== TASK DETAILS ==
Beginning with the line that contains "Preview for 5", repeat each line exactly through the end of the listing below. Pictures stay out.
------------------------------------------------------------
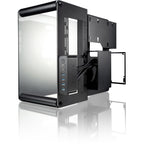 RAIJINTEK RAIJINTEK PAEAN M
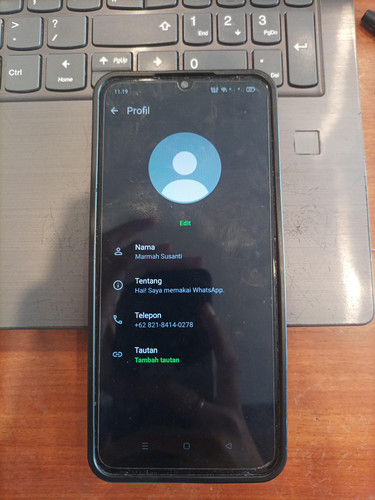 tmp 1f120590 fedd 4009 b92f 07b74ff1aea3.jpg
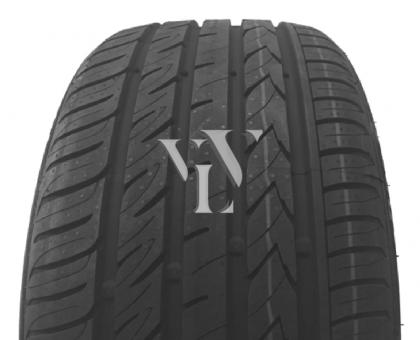 Sommerreifen VIKING PRO TECH NEW GEN 215/70 R16 100 H  
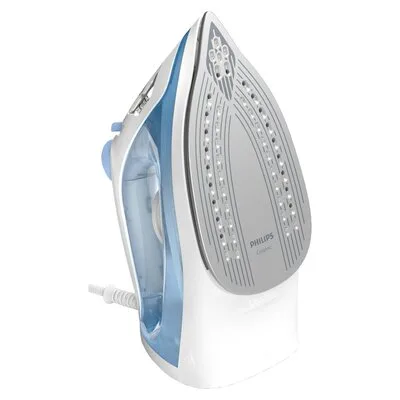 Philips Dst1030/20 1000 Series Steam Iron view 8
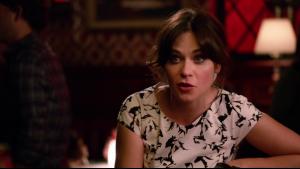 post-40923-0-33294400-1414057886_thumb.j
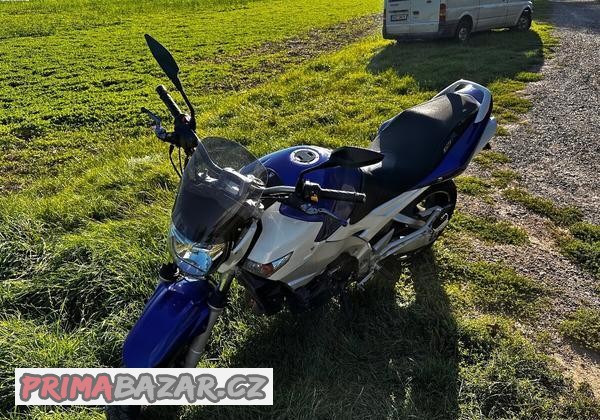 prodam-suzuki-gsr-600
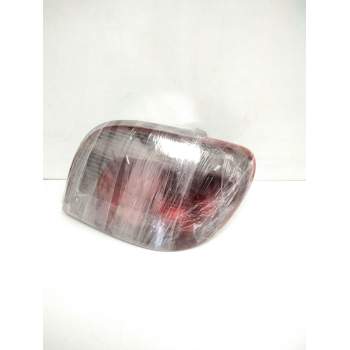 Recambio de piloto trasero derecho para toyota yaris (ncp1/nlp1/scp1) 1.3 expo referencia OEM IAM 8155052130 5308701 
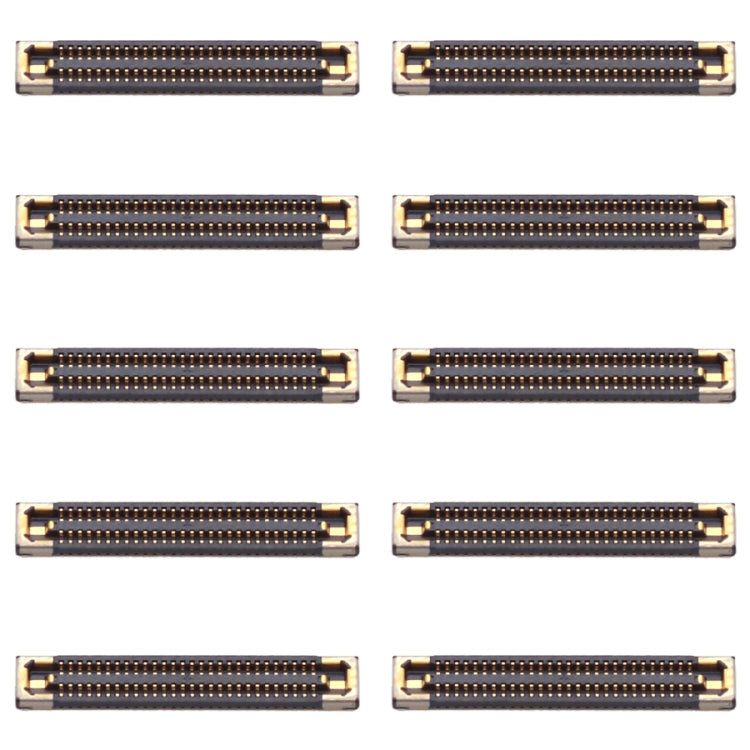 EDA003853509.jpg@40867659b4bf9c25b8baacf65ba77c3e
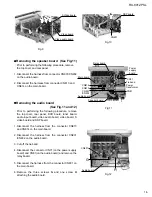 Preview for 5 page of JVC RX-8012PSL Service Manual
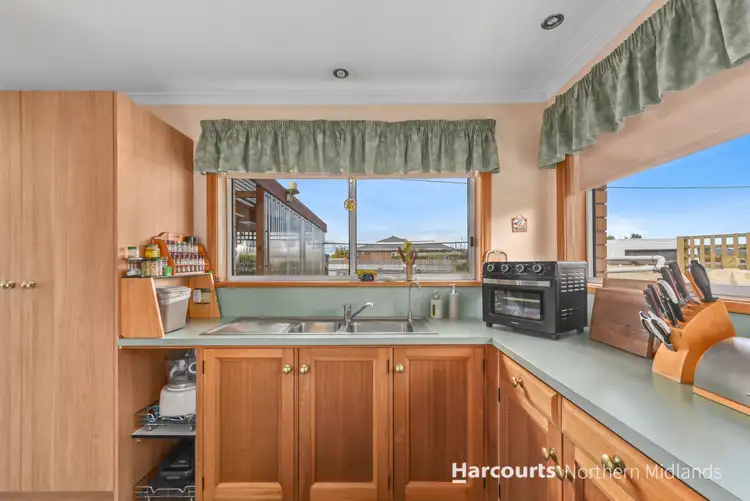 Fifth view of Homely house listing, 32 Cracroft Street, Longford TAS 7301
------------------------------------------------------------
== SOLUTION TO THIS PROBLEM ==
 Preview for 5 page of JVC RX-8012PSL Service Manual
 Fifth view of Homely house listing, 32 Cracroft Street, Longford TAS 7301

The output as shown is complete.